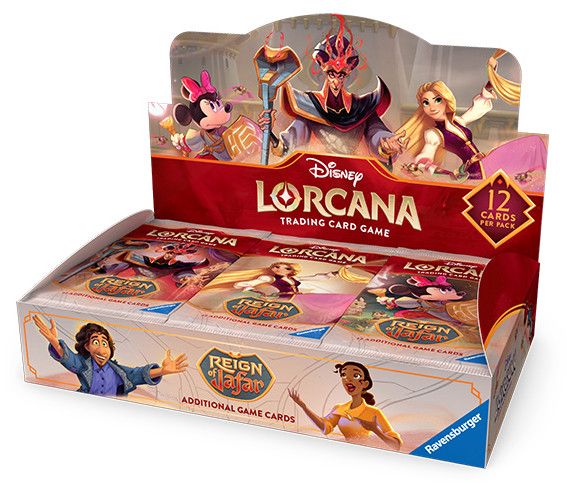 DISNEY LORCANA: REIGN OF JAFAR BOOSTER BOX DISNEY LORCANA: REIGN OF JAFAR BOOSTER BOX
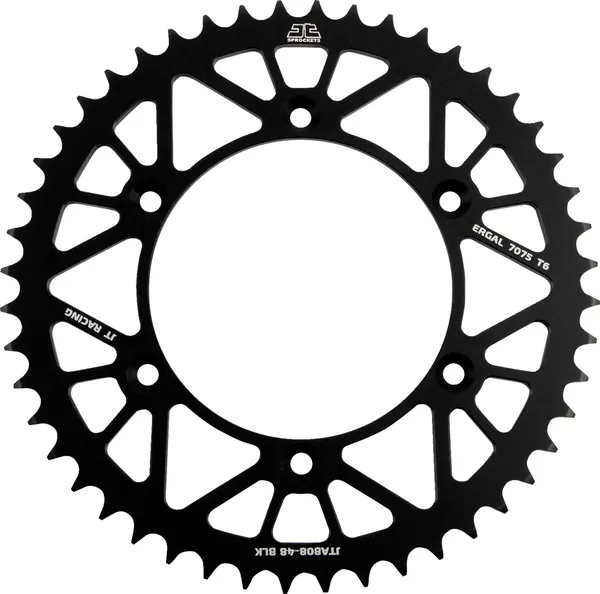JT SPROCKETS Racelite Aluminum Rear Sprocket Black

==

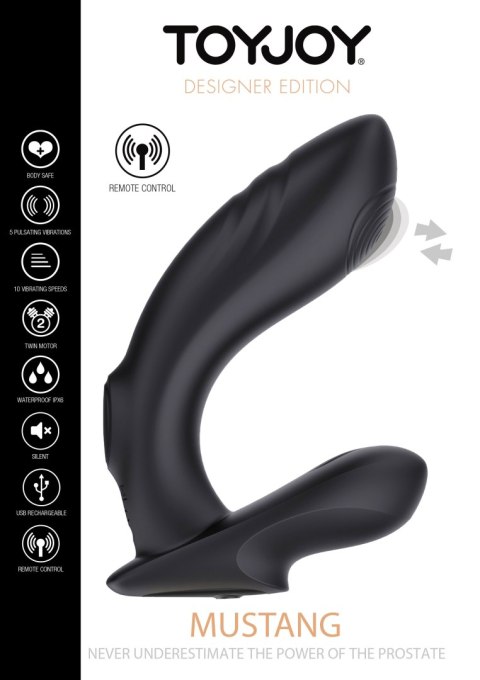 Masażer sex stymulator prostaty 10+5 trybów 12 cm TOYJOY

* What is required
From the records above, copy only the lines running from the line containing "DISNEY LORCANA: REIGN OF JAFAR BOOSTER BOX DISNEY" to the line containing "JT SPROCKETS Racelite", both ends included. Leave the pictures out.

* The answer
 DISNEY LORCANA: REIGN OF JAFAR BOOSTER BOX DISNEY LORCANA: REIGN OF JAFAR BOOSTER BOX
JT SPROCKETS Racelite Aluminum Rear Sprocket Black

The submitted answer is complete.